Question

Clustering similiar genes from many genomes

0

Entering edit mode

3.5 years ago

anabaena ▴ 10

Hello all, I am working on elucidating a biochemical pathway. What I want to do is take all genomes that have this metabolic pathway and find what genes these genomes share. The purpose is this pathway is seemingly transferred horizontally in prokaryotes and I want to find what the possible 'prerequisite genes' are for this pathway to work in new hosts such as cofactor synthesis, transport proteins, etc that may lie outside of the island. Has anyone done anything similar and figured out a good approach?

My initial thoughts were to simply examine feature tables and create a venn diagram of those sharing similiar features, but many of the genes in the island itself are poorly annotated so I need to do some form of clustering based on sequence identity/similarity.

Python genome pangenomics clustering • 850 views

ADD COMMENT • link updated 3.4 years ago by Joe 21k • written 3.5 years ago by anabaena ▴ 10

1

Entering edit mode

You can use cd-hit to cluster based on similarity of sequences.

If you have several gene clustering in gbk format, and want to compare them, you can use clinker

ADD REPLY • link 3.4 years ago by Fatima ▴ 1000

0

Entering edit mode

3.4 years ago

Joe 21k

Depending on how closely related all the genomes are, you could use a pangenome approach like roary. If the genomes are quite diverse, you can use other pangenome tools (there are some designed for broader comparisons though none of the names spring to mind at present).

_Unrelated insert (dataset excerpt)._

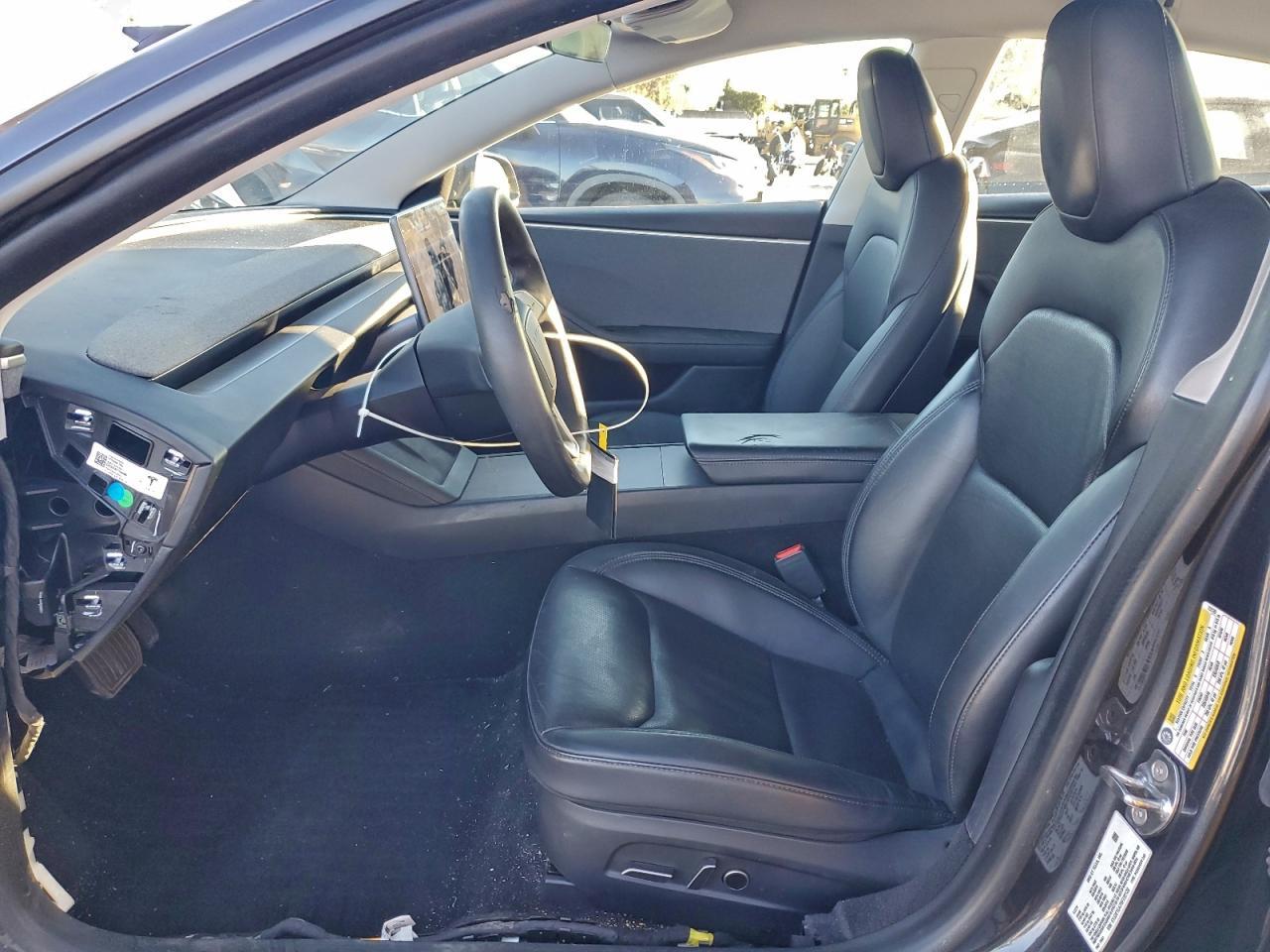 2024 Tesla Model 3 - Фото 7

ADD COMMENT • link 3.4 years ago by Joe 21k

score 2 · Accepted Answer · 2020-11-11

One option is to go to STRING database and search for one of the proteins that are in that pathway. That will initially give you proteins that are interacting partners of your query, which may be enough for your purposes. You can also choose the neighborhood option and that will give you conserved clusters of genes in various organisms, which may answer the question how conserved is that protein and its neighbors across multiple genomes. You may need to start multiple times using different query sequences to get a complete picture.